[Source data]
-- Opening Marker --
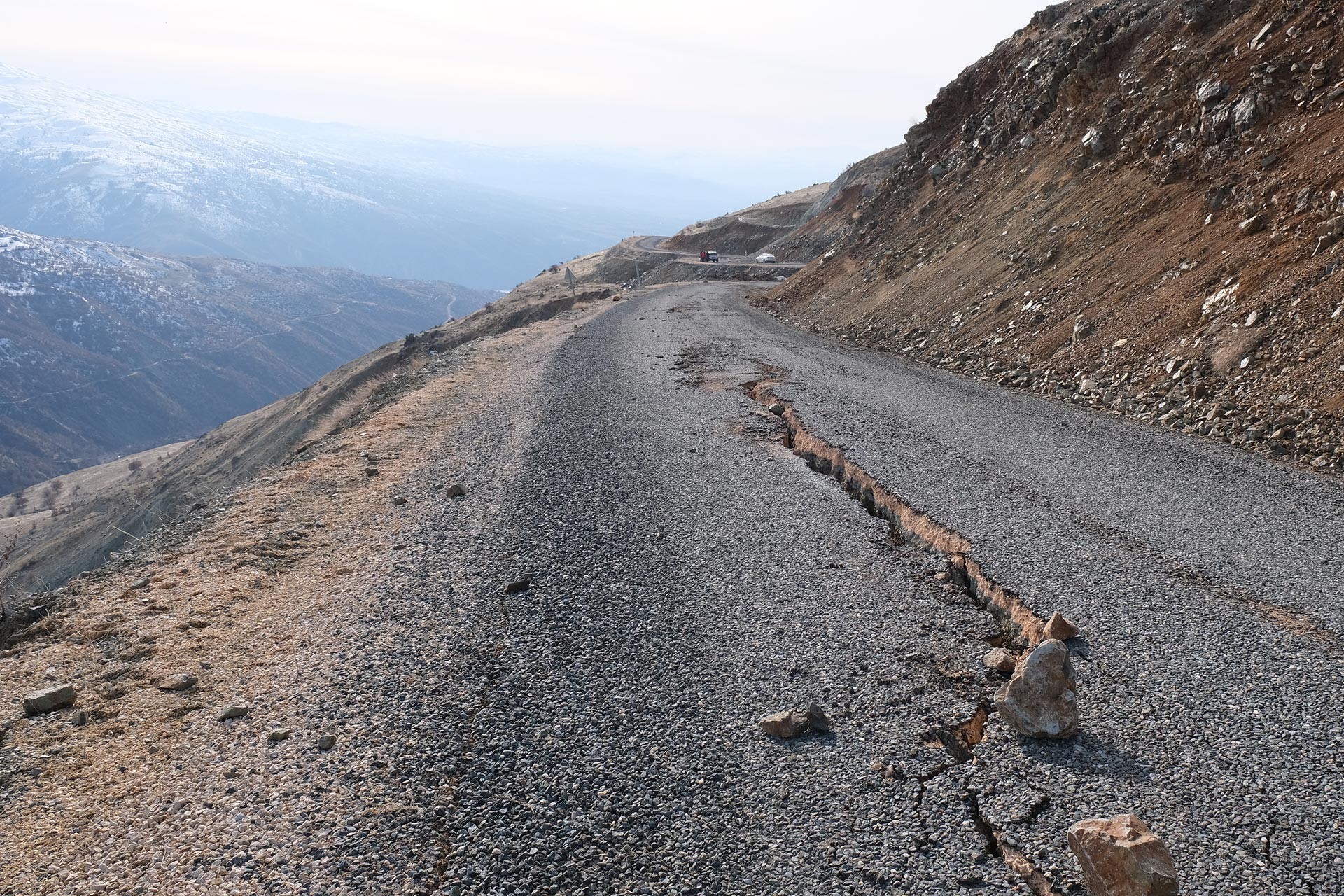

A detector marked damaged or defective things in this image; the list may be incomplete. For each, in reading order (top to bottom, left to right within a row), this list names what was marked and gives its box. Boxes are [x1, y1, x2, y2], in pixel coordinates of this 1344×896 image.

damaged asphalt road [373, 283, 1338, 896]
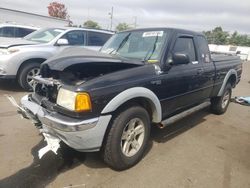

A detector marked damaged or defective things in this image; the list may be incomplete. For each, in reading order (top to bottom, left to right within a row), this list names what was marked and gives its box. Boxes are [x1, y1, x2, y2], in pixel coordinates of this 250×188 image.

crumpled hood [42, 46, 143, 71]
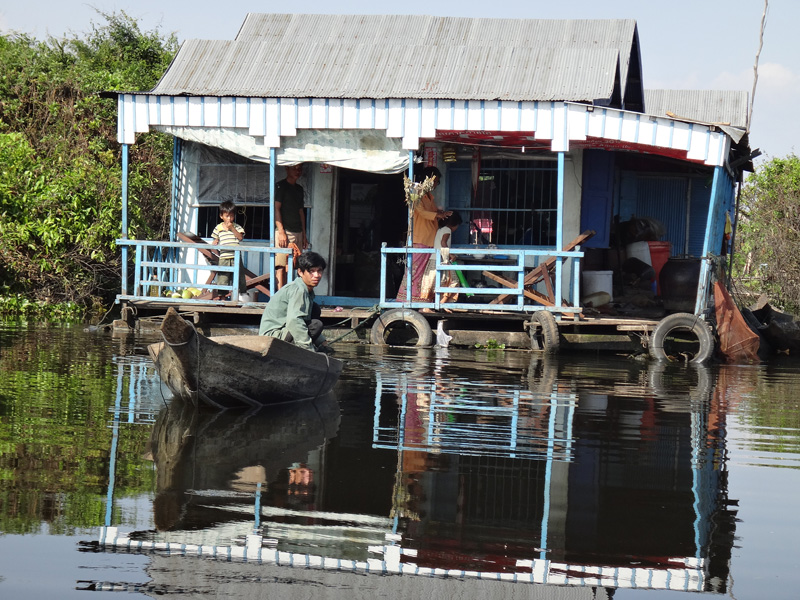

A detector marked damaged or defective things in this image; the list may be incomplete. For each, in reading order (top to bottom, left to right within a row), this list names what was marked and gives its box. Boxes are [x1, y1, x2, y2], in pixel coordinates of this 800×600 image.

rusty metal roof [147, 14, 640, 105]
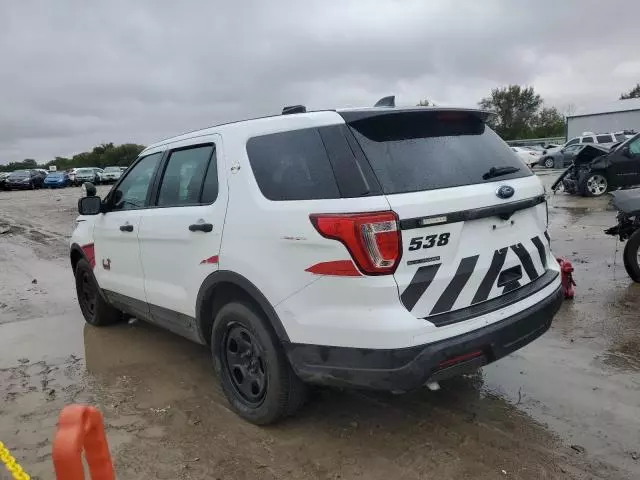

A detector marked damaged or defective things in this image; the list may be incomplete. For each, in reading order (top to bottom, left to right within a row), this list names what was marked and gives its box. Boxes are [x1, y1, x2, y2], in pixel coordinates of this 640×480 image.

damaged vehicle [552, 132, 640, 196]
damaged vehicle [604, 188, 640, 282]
-- Closing Marker --
### Work instruction
An answer containing only the lines from the one holding "this 800×600 image." through the close of the entries above, reproduced exactly and stripped of pictures, is expected.

### Answer to the exercise
A detector marked damaged or defective things in this image; the list may be incomplete. For each, in reading order (top to bottom, left to right within a row), this list names what was marked and gives its box. Boxes are [x1, y1, x2, y2], in pixel coordinates of this 800×600 image.

rusty metal roof [147, 14, 640, 105]

A detector marked damaged or defective things in this image; the list may be incomplete. For each, in reading order (top to bottom, left to right within a row), this list names what was marked and gives its box. Boxes are [x1, y1, x2, y2], in pixel coordinates of this 640×480 image.

damaged vehicle [552, 132, 640, 196]
damaged vehicle [604, 188, 640, 282]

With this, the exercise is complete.